Question

General solution

Answer 1

huh? question? @LilySwan

Answer 2

She has given solution, we need to find what the question is.. :P

Answer 3

sorry network issue

Answer 4

It is okay..

Answer 5

There is a method to solve these types of Diff Equations..

Answer 6

If \(M.dx + N.dy = 0\) is non-exact, but it is in the form of \(y f(x,y)dx + x g(x,y)dy = 0\), and if \(Mx - Ny \ne 0\), then :
\[Integrating \; \; Factor = \frac{1}{Mx-Ny}\]

Answer 7

And General Solution is given by:
\[\int\limits (y \cdot f(x,y) \cdot IF) dx + \int\limits ( x \cdot g(x,y). IF) [\text{terms \not containing x}] dy = c\]

Answer 8

Your equation is :
\[y \sqrt{1+x^2}dx + x \sqrt{1+y^2} dy = 0\]

Answer 9

\[f(x,y) = \sqrt{1+x^2} \\ g(x,y) = \sqrt{1+y^2}\]

Answer 10

cant we take a more easier approach

Answer 11

I am also thinking the same.. :P

Answer 12

Okay, on your marks..

Answer 13

Your equation is :
\[y \sqrt{1+x^2}dx + x \sqrt{1+y^2} dy = 0\]
\[y \sqrt{1+x^2}dx = - x \sqrt{1 + y^2} dy \\ \frac{\sqrt{1+x^2}}{x} \cdot dx = \frac{-\sqrt{1+y^2}}{y} \cdot dy\]

Answer 14

Getting it?
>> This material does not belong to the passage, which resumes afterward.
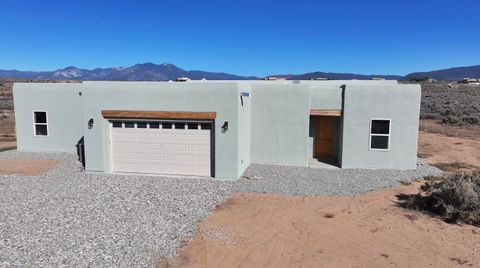 Photo of 10 Colty Rd, Ranchos de Taos, NM 87557 (MLS # 114285)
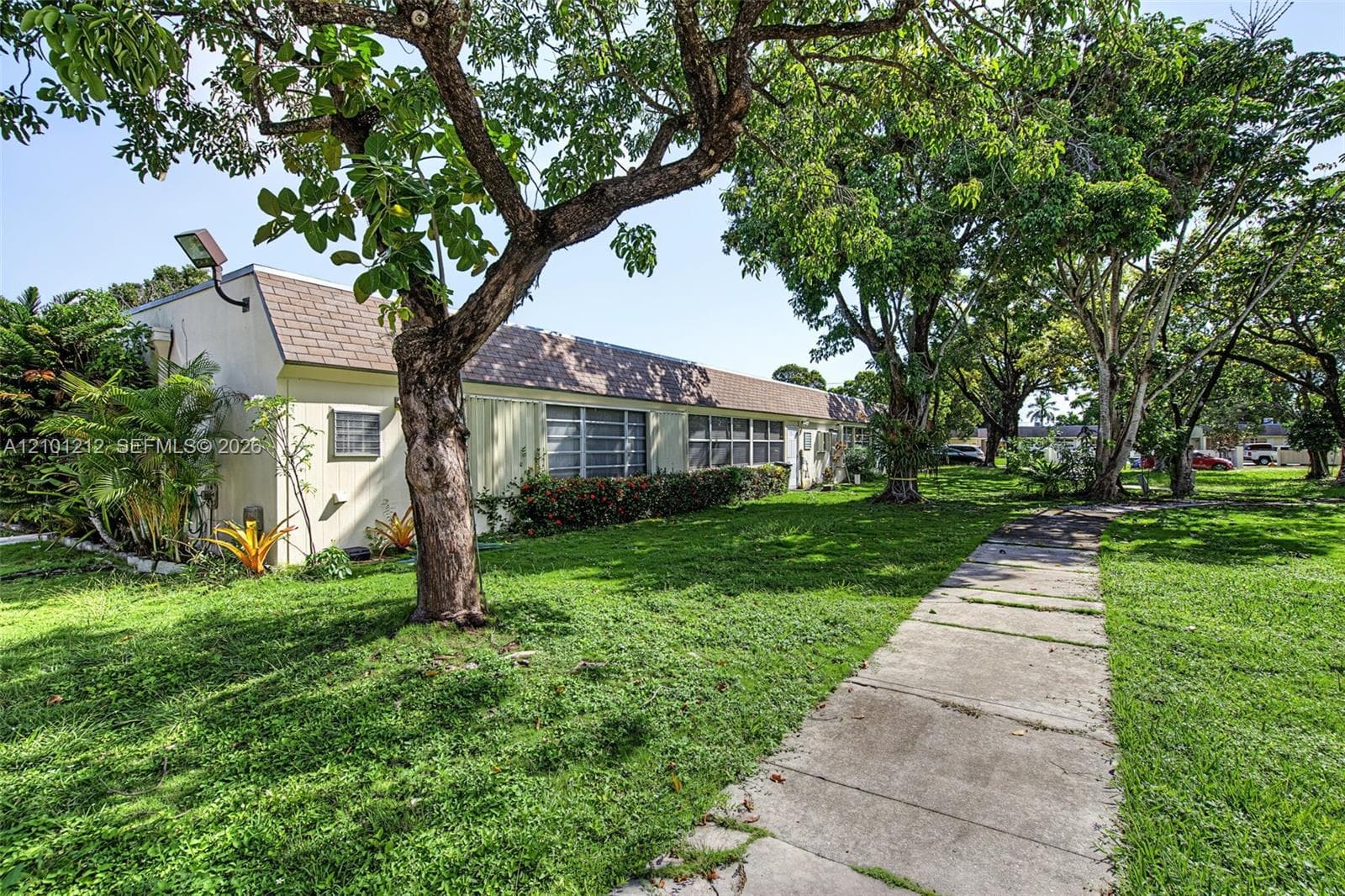 Green Hills Park West · #V3442 in Miami - Photo 24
I just took second term on Right side in first step, then swap brought \(x\) and \(y\) on sides opposite to both, Good?

Answer 15

@unklerhaukus , save me from here..!!!

Answer 16

ok we used the separable method

Answer 17

Separable Method only if we can integrate those two big integrals, I gotta go now, but @ganeshie8 please help this girl with Differential Equations.. - water.

Answer 18

Or @iambatman